Por Nicte G. Yuen.
Aquella mañana el libro simplemente estaba ahí, al pie de la ventana; justo donde un trozo de sol iluminaba el título. Sus letras demasiado barrocas encima de una textura aterciopelada, lanzaban destellos dorados, destellos que parecían filtrarse al centro mismo de las pupilas de una niña.
Las manos de la pequeña, temblorosas, rodearon los bordes del libro; acariciaron el dorado de las letras, las palabras contenidas en aquel título. Lo abrieron. Su corazón de ocho años latía desbocado, lo hacia al tiempo que recorría con su mirada las primeras líneas, el primer párrafo, la primera hoja, el primer capítulo.
Sonreía, así como estaba, medio hincada sobre los personajes de aquella historia. El libro, repleto de sabanas africanas, tundras siberianas, selvas tropicales y oscuros desiertos, le susurraba; como si quisiera que nadie, excepto ella misma, escuchara. Fue entonces que se quedó dormida junto a la orilla de un río, el mismo río donde el corcel bebía agua, donde las primeras estrellas estaban reapareciendo como lo hacían cada noches desde hacia milenios.
La voz de una flauta despertó a la niña. La sintió lejana, porque no sabía de donde provenía, si del centro mismo de su sueño, o si nacía más allá de los límites de la ventana de su habitación. No lo sabía, la procedencia de aquella música; sin embargo le agradaba, especialmente porque llenaba de calidez su corazón.
Abrió los ojos, el libro estaba junto a ella, abiertas sus hojas justo a la orilla del río, donde el corcel bebía agua y las primeras estrellas reaparecían. La pequeña le acarició sus bordes, suaves por su textura aterciopelada. La voz de la flauta comenzó a intensificarse apenas tomó el libro entre sus manos, lo miró y remiró con extrañeza, las notas musicales brotaban de entre la maleza. Ahí había alguien oculto, tan cerca del río, del corcel, de las primeras estrellas.
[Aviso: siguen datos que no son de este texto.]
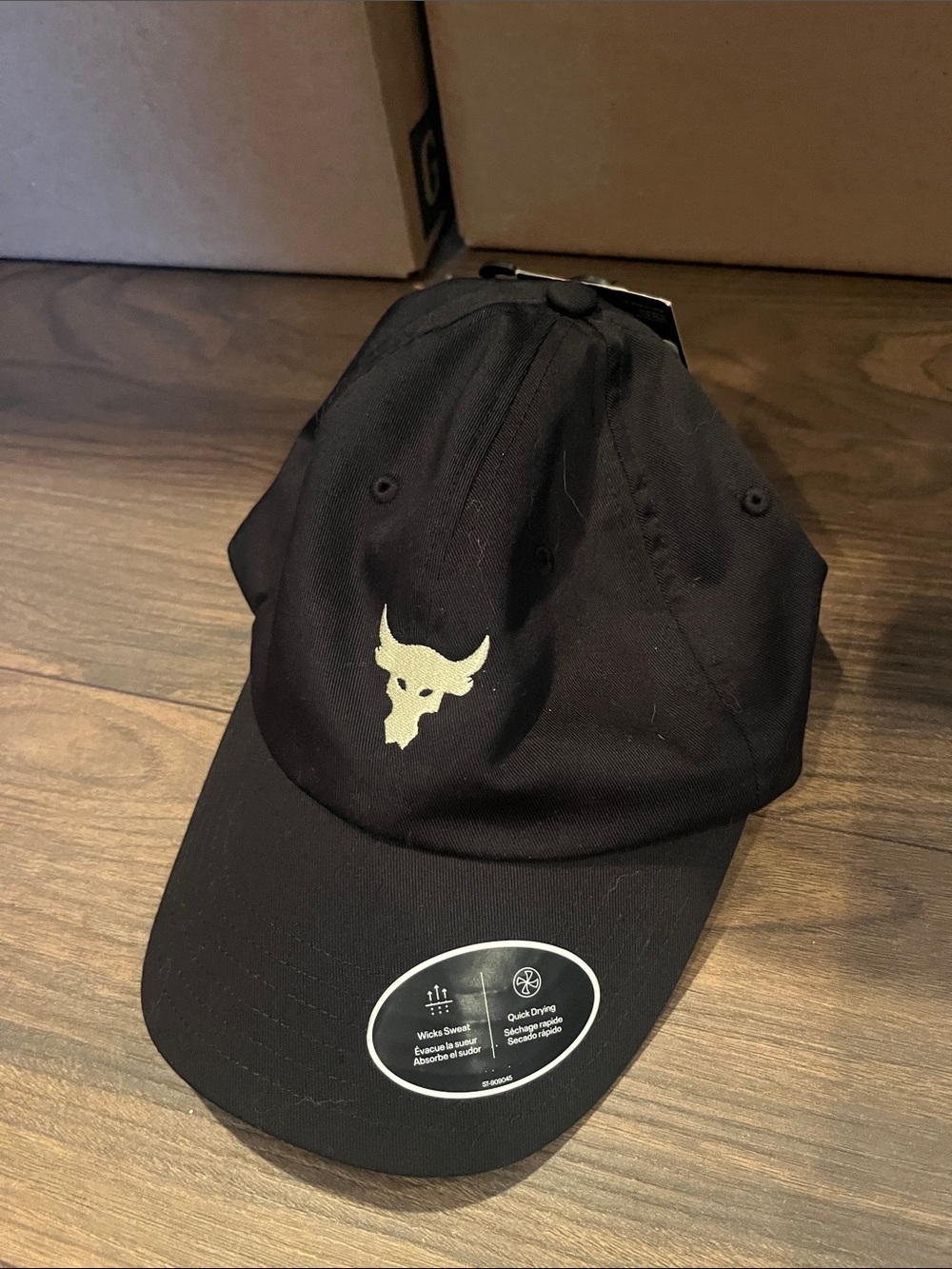Under Armour Black Hat with Gold Bull Logo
Ella comenzó a danzar al ritmo de la flauta, haciendo girar muy cerca de su pecho, las páginas del libro. Giraba canturreando una canción de cuna, la única que recordaba con precisión, la única que mamá le cantaba cuando no lograba dormirse. Y las páginas también quisieron danzar. Una a una fueron separándose del lomo del libro, al cual estaba sujetas. Saltaron, flotaron, subieron, bajaron, giraron, danzaron al compás de la niña alrededor de los muebles de su habitación.
Entre las paredes, los rincones y el techo respiraban las sabanas africanas, las tundras siberianas, las selvas tropicales y los oscuros desiertos; la pequeña en medio de aquella danza, se movía entre elefantes, tigres, osos pardos, rinocerontes, jirafas, chimpancés, serpientes, cocodrilos; y claro, se movía sobre el corcel de negro pelaje, bajo la bóveda celeste invadida de constelaciones.
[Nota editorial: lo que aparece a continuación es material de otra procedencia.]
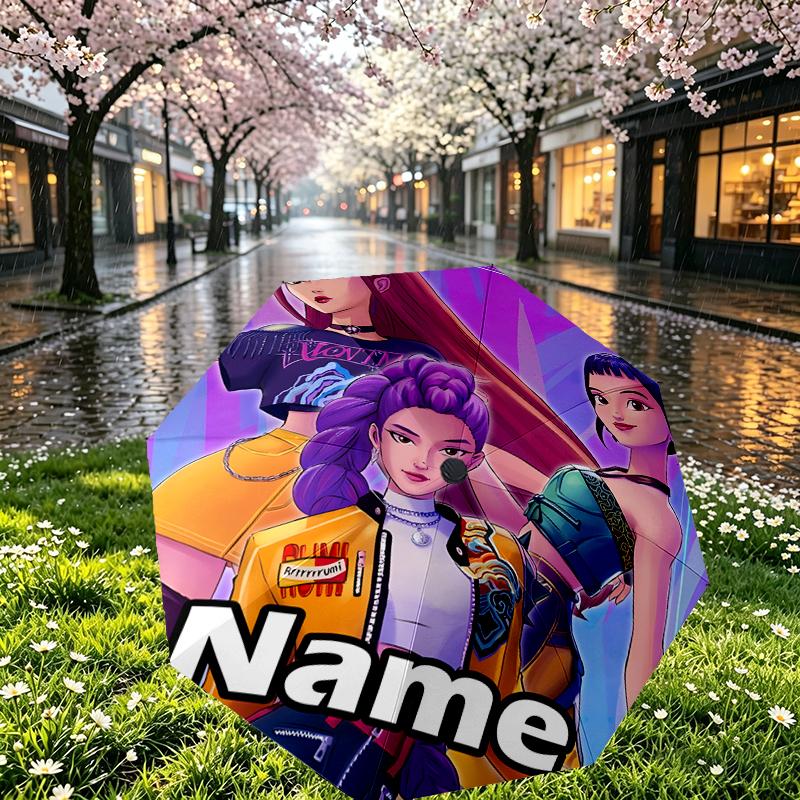 Custom Name Personalized KPop Demon Hunters Print Umbrella, Auto Open Close, 8‑Rib Sturdy Frame, Commute Camping Hiking Use, Birthday Gift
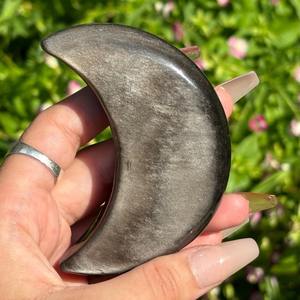 Cristal de Obsidiana Plateada Pulida de Alta Calidad, Estilo Bohemio, Cristal Natural Curativo, 8.5cm 110g, Tendencia de Moda, Venta al Por Mayor - Product Image 5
Un viento perezoso, de esos de quieren quedarse en ningún lado, comenzó a molestar al viejo abeto que desde hacia años habitaba el jardín trasero. Le cosquilleaba las ramas superiores haciéndolo torcerse de la risa que le provocaba, le cosquilleaba las raíces que alcanzaban a asomar entre el pasto recién regado, le cosquilleaba en fin sin darle tregua.
La pequeña, quien alcanzó a escuchar la risa del viejo abeto, asomó sus pupilas repletas de palabras, frases e historias, por la única ventana de su habitación. Permaneció ahí, observando al viento perezoso, montada sobre el corcel de negro pelaje, escuchando la voz de la flauta, sintiendo las frías temperaturas de las tundras siberianas.
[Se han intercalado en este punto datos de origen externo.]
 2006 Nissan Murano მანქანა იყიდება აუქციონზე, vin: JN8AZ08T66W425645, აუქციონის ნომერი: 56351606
Guardando el libro bajo el brazo, salió de su habitación, corriendo a través de las escaleras y los pasillos, apresurándose para alcanzar los cosquilleos del viento y el abeto; junto a ella, los elefantes, los tigres, osos pardos, rinocerontes, jirafas, chimpancés, serpientes, cocodrilos, y el corcel negro, descendían también, hasta alcanzar el patio trasero y la última hora de luz vespertina.
Colocó el libro sobre las raíces del abeto, luego se sentó ella, recargada contra el tronco, con el sol a sus espaldas. Lo abrió una vez más, entristecida al percatarse de las pocas páginas que faltaban para llegar al final. El río, el corcel, las estrellas, el flautista oculto entre la maleza, el capítulo definitorio, el atardecer pintando de violeta las nubes.